At first glance it appears that joyGetPosEx is going to simplify life by setting up an automatic dead zone. To quote the API reference, the JOY_USEDEADZONE flag "expands the range for the neutral position of the joystick and calls this range the dead zone. The joystick driver returns a constant value for all positions in the dead zone."

The wording is a bit confusing, and using the dead zone is a bit more complicated than the rather terse documentation suggests. First of all, it's your responsibility to put the dead zone boundaries in the registry (under the keys defined in REGSTR.H) and then notify the system by calling joyConfigChanged. After you've done that, you still have to figure out the constant value returned for the dead zone. (One way to do it is to set the dead zone to the same size as the whole range of the joystick, read the axis positions, and then reset the dead zone to the size you actually want.) And finally, when you close your program you really should restore the original registry values, because other applications may expect the defaults.

All in all, it's simpler for us to maintain your own dead zone. You'll do the arithmetic in Moby Dick Windows just as in the MS-DOS version.

Using the Throttle

Just for fun, and to show you how easy it is to read any of the joystick controls, I've added a throttle to Ahab's ship in Moby Dick Windows. This will work with any device that has a third—or a Z axis—in addition to the X and Y axes on the stick itself. Typically the third axis is controlled by a slider or wheel on the base of the unit.

This is all you have to do to get the throttle information:

JOYCAPS   joyCaps;
JOYINFOEX joyInfoEx;

ZeroMemory(joyInfoEx, sizeof(joyInfoEx);

// see whether a throttle is available
joyGetDevCaps(JOYSTICKID1, &joyCaps, sizeof(joyCaps));
BOOL JoyHasThrottle = (joyCaps.wCaps & JOYCAPS_HASZ);

// if so, read its position
if (JoyHasThrottle)
{
  joyInfoEx.dwSize = sizeof(joyInfoEx);
  joyInfoEx.dwFlags = JOY_RETURNZ;
  joyGetPosEx(JOYSTICKID1, &joyInfoEx);
}

Now joyInfoEx.dwZpos gives you the position of the throttle. You can calculate its relative position from the wZmin and wZmax fields of joyCaps.

You can, of course, combine JOY_RETURNZ with other flags (using the "or" operator) to get information on the stick position, button states, and so on, with a single call.

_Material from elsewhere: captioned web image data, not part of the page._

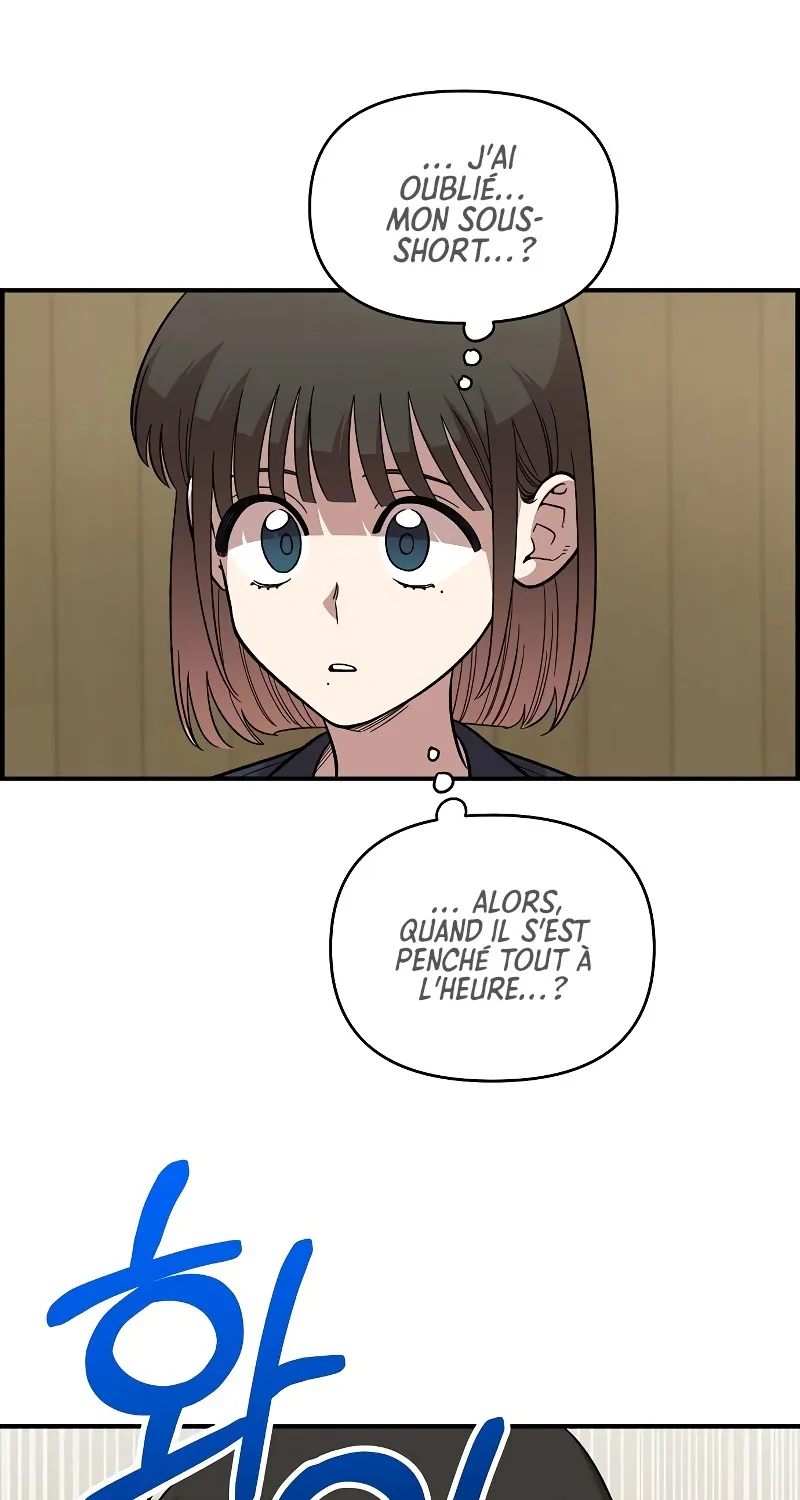 Read Just Friends FR Manga Online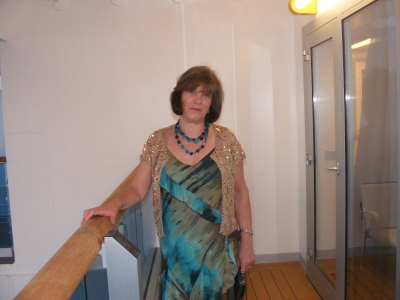 Edna Barr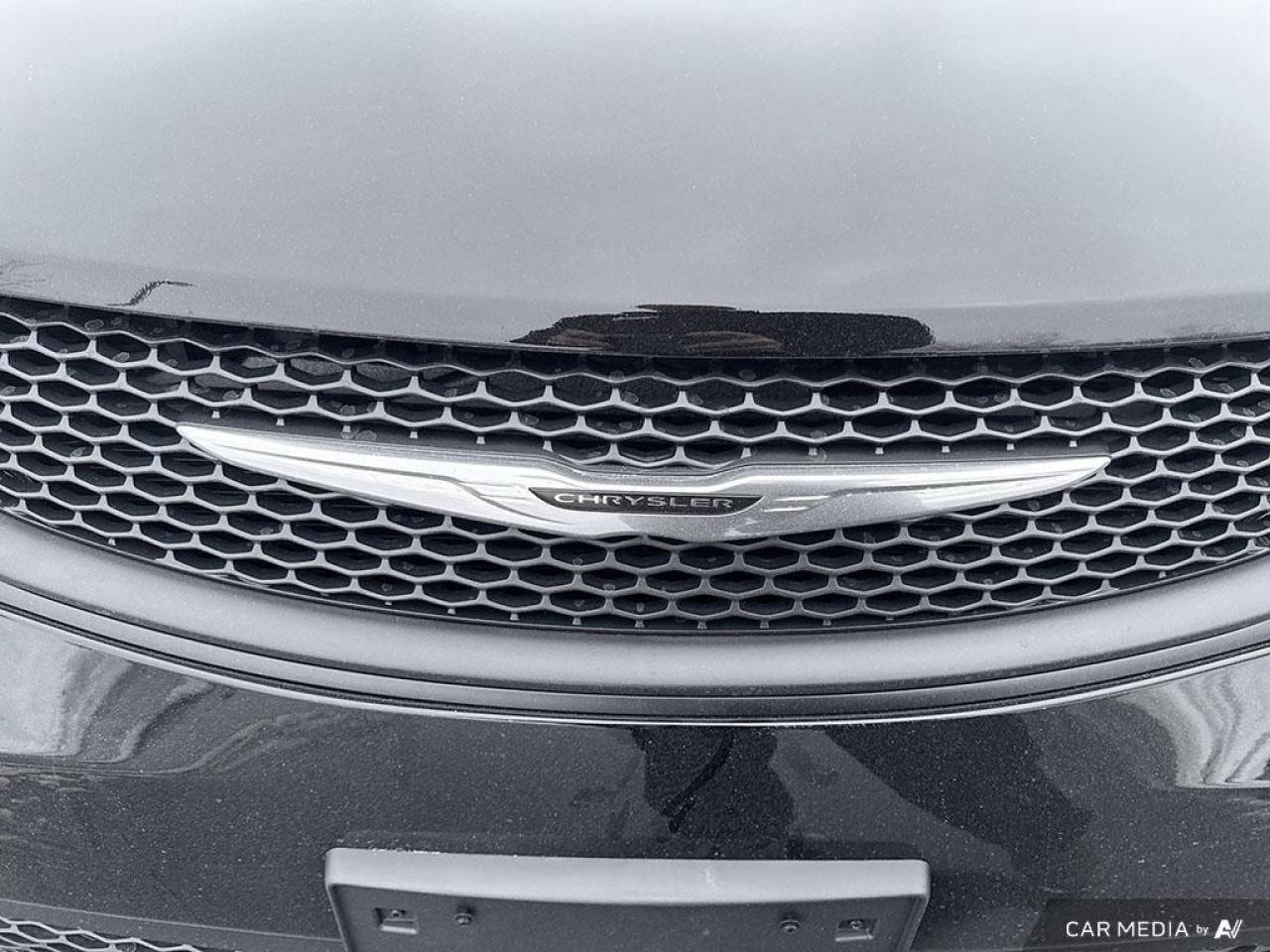 2026 Chrysler Grand Caravan SXT Front-Wheel Drive Passenger Van Photo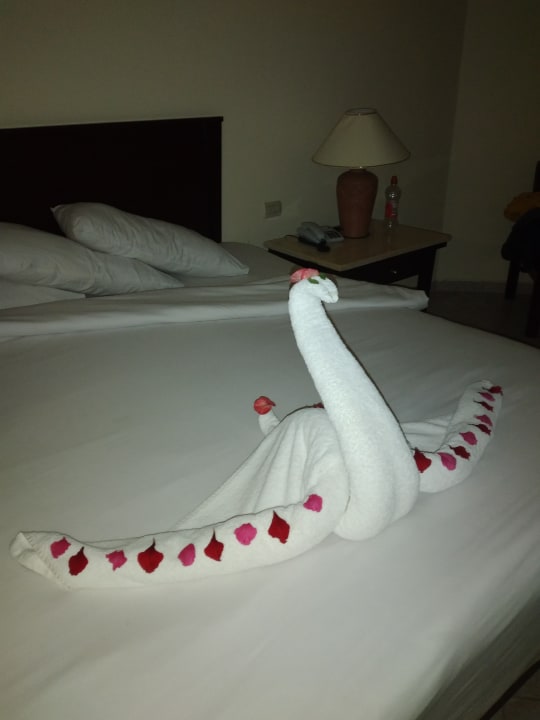 Zimmer Casa Mare Resort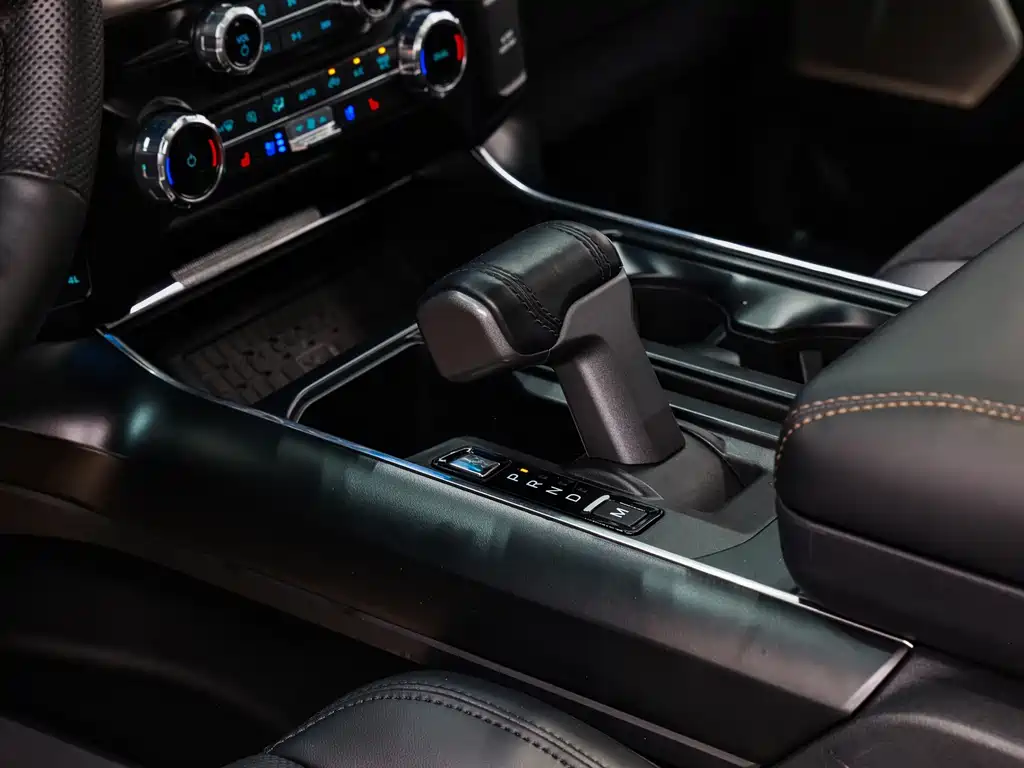 Ford F-150 Raptor 2024 — фото 19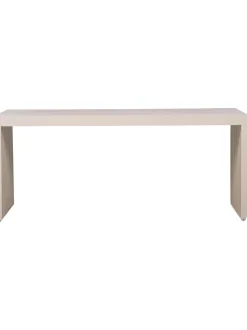 Panca In Legno Sungkai Bancu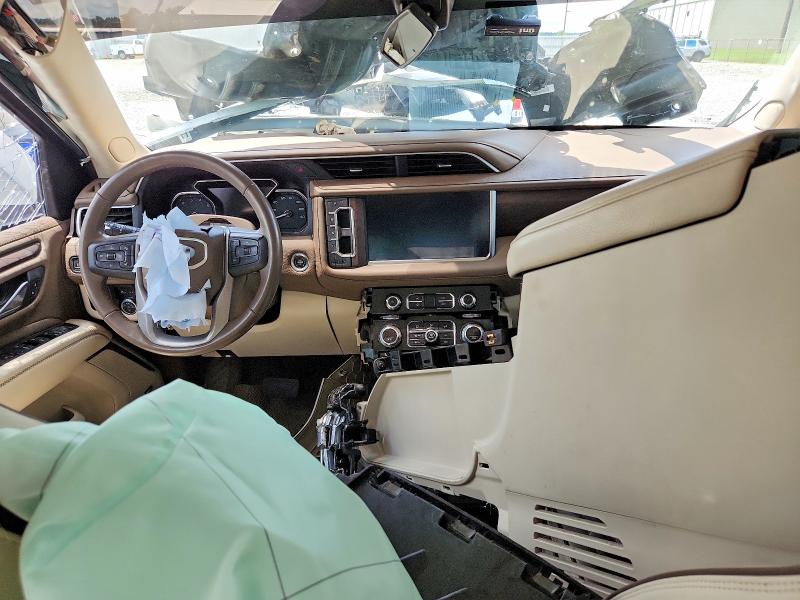 Photo 8 from auction – 2021 GMC YUKON with VIN 1GKS2DKL8MR386545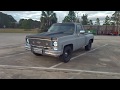 79 chevy c10 stepside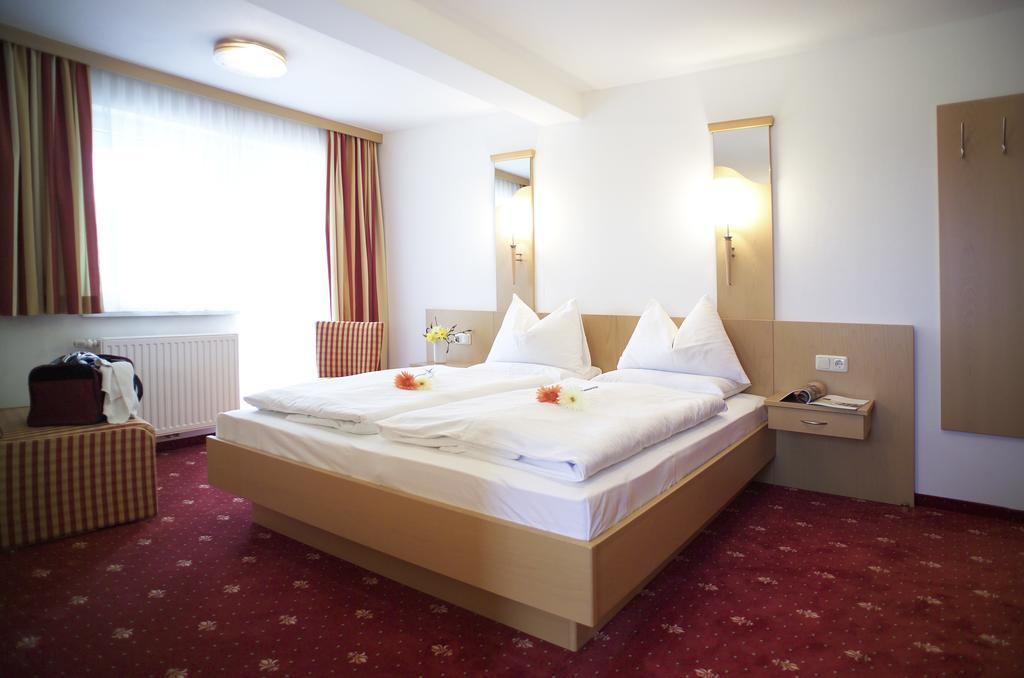 Aktiv- & Familienhotel Alpenblick
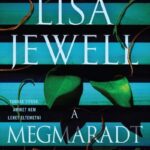 Lisa Jewell: A megmaradt lakók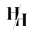 Honourhair logo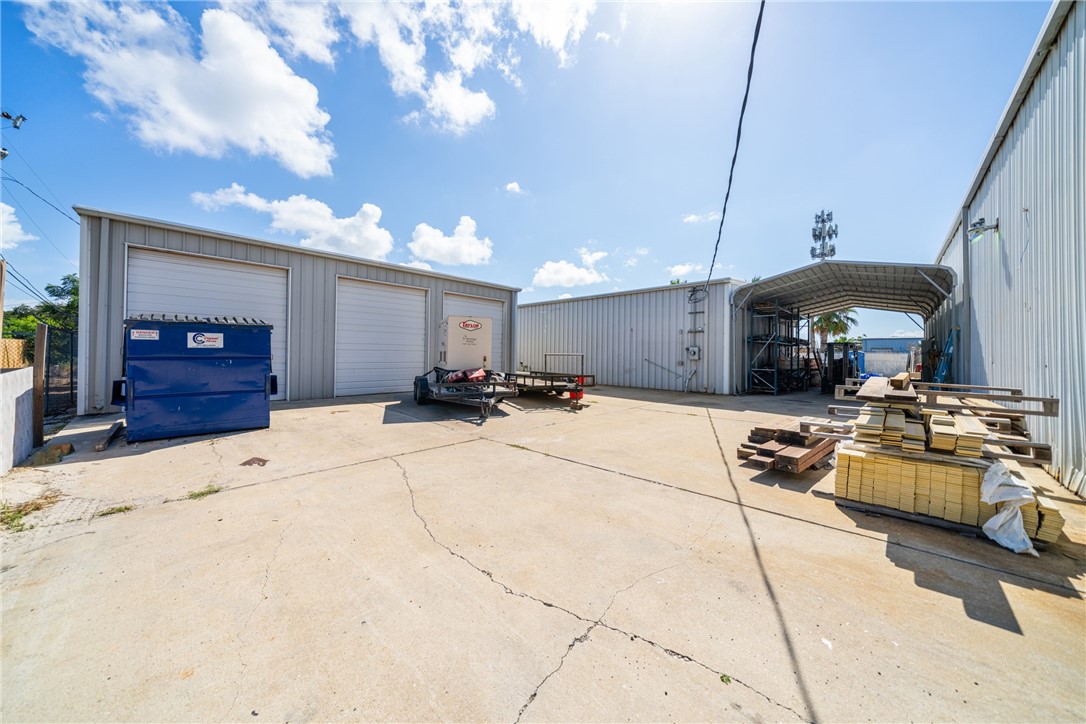 721 Nas Drive Corpus Christi TX 78418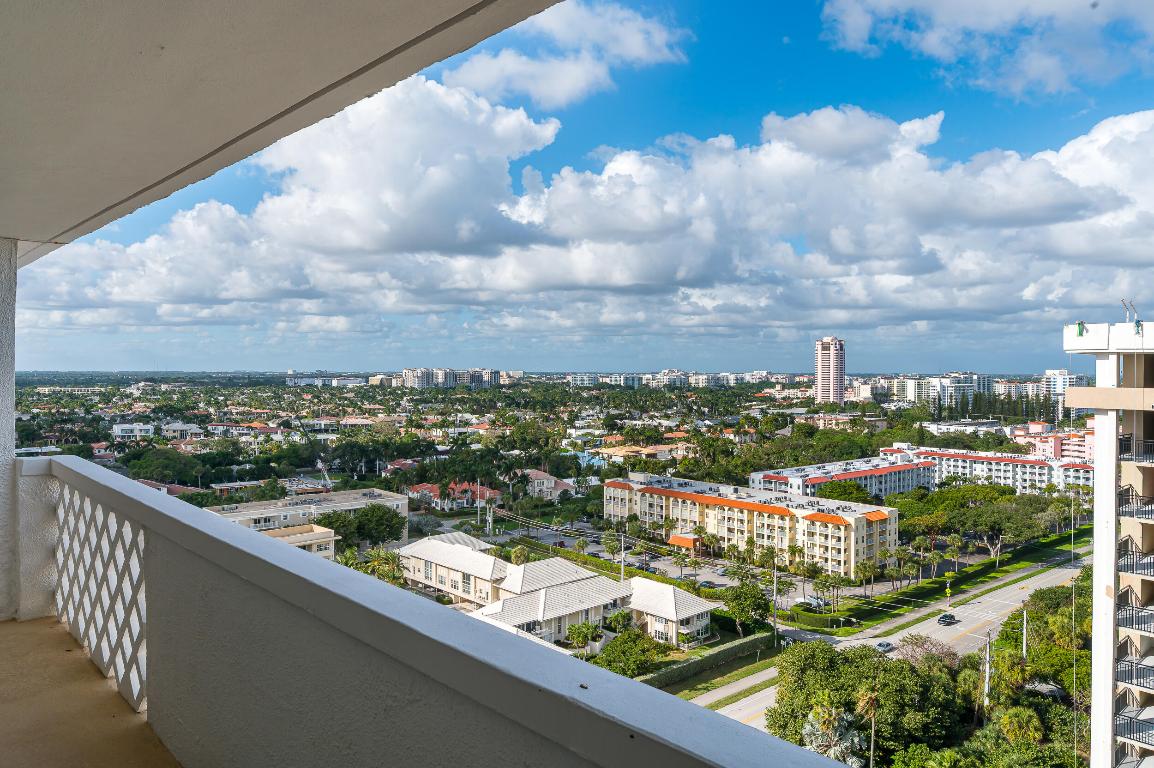 1200 S Ocean Boulevard Ph-G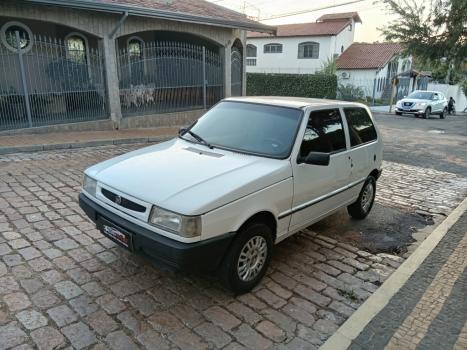 FIAT Uno 1.0, Foto 2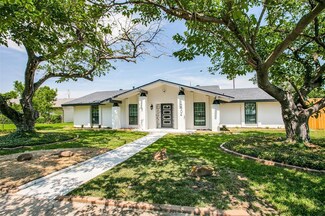 12904 Rosser Rd, Dallas, TX 75244
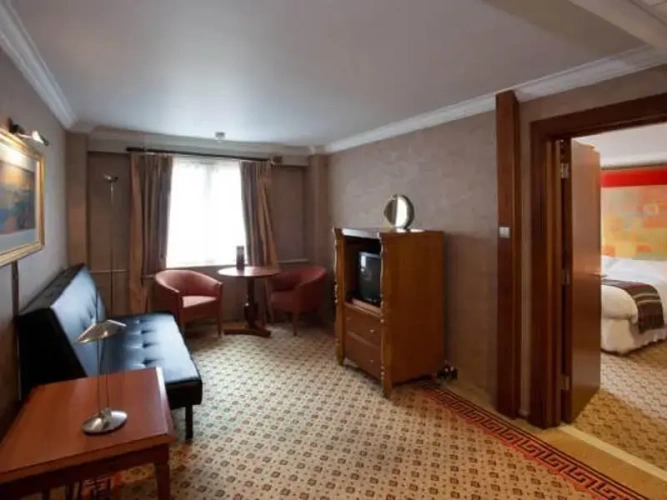 Executive Double room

Besides X, Y, and Z, three other axes can be monitored: R (for Rudder), U, and V. These will accommodate foot pedals, twisting sticks, and various other sliders, knobs, and dials, but not the POV hat, whose position is returned instead in the dwPOV field of the JOYINFOEX structure. (I'm looking forward to implementing the hat in the 3-D version of Moby Dick!)

Mouse

Cursor Visible by Default

Moby Dick MS-DOS doesn't actually use the mouse cursor, and by default it is invisible when you switch to graphics mode. In Windows, of course, the opposite is true. The cursor is always present unless you specifically hide it. Hiding the cursor is not a good idea except in full-screen applications.

Custom Cursors

Implementing a custom cursor under MS-DOS requires that you assign a bitmap to the cursor image using MS-DOS interrupt 33h, subfunction 09h. If the cursor changes shape at different points on the screen, the cursor's position has to be restored after each call to the interrupt. Naturally, the application is responsible for keeping track of where the cursor is and changing the shape accordingly.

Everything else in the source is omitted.